I recently read a story by one of Wirth's students, reminiscing about working on the Oberon compiler. They had several important principles for developing the Oberon compiler that drove development, one was something to the effect that anything you add must pay for itself or improve the speed of compilation--the benchmark being the whole Oberon system. The students had implemented a very fancy data structure, I think a balanced tree, to use with register allocation. Wirth found out and ordered them to remove it and replace it with a linked list. They groaned, but complied--and the compiler was both smaller and faster as a result, despite worsening the worst case.

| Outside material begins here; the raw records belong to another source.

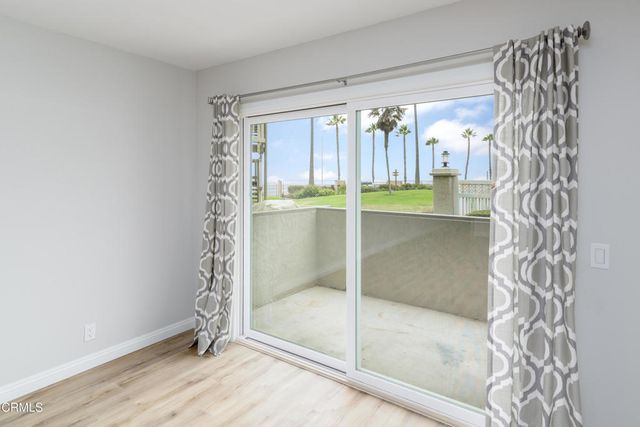 257 E Surfside Drive, Port Hueneme, CA 93041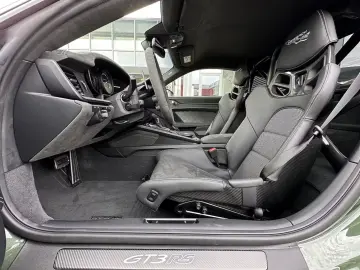Porsche 911 GT3 RS Weissach Package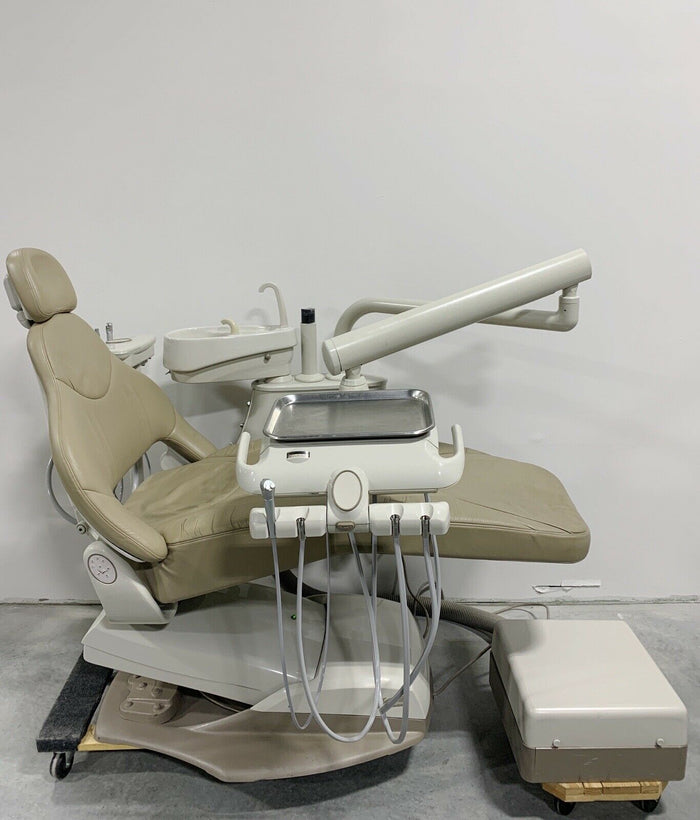Midmark UltraTrim Dental Chair with Delivery Unit, Cuspidor & Asst’s Pkg.  Nice!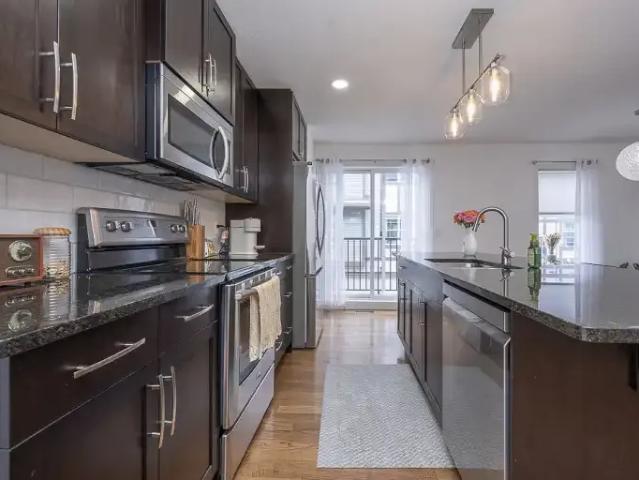 For Rent 2 Bedroom Townhouse Calgary AB DS105198524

"I still vividly remember the day that Wirth
decided to replace the elegant data structure used in the compiler’s symbol table
handler by a mundane linear list. In the original compiler, the objects in the symbol
table had been sorted in a tree data structure (in identifier lexical order) for fast
access, with a separate linear list representing their declaration order. One day Wirth
decided that there really weren’t enough objects in a typical scope to make the
sorted tree cost-effective. All of us Ph.D. students were horrified: it had taken time
to implement the sorted tree, the solution was elegant, and it worked well – so why
would one want to throw it away and replace it by something simpler, and even
worse, something as prosaic as a linear list? But of course, Wirth was right, and the
simplified compiler was both smaller and faster than its predecessor."
Perhaps this was an example where the total number of elements was well bounded. After all, CPUs aren't growing more general-purpose registers very often, or the size of the scope considered in the scheduling may be limited by other constraints.
Yes, absolutely. Along similar lines, Hindley-Milner type inferencing is also super-exponential in the worst case, but people don't write code bad enough to trigger the worst case.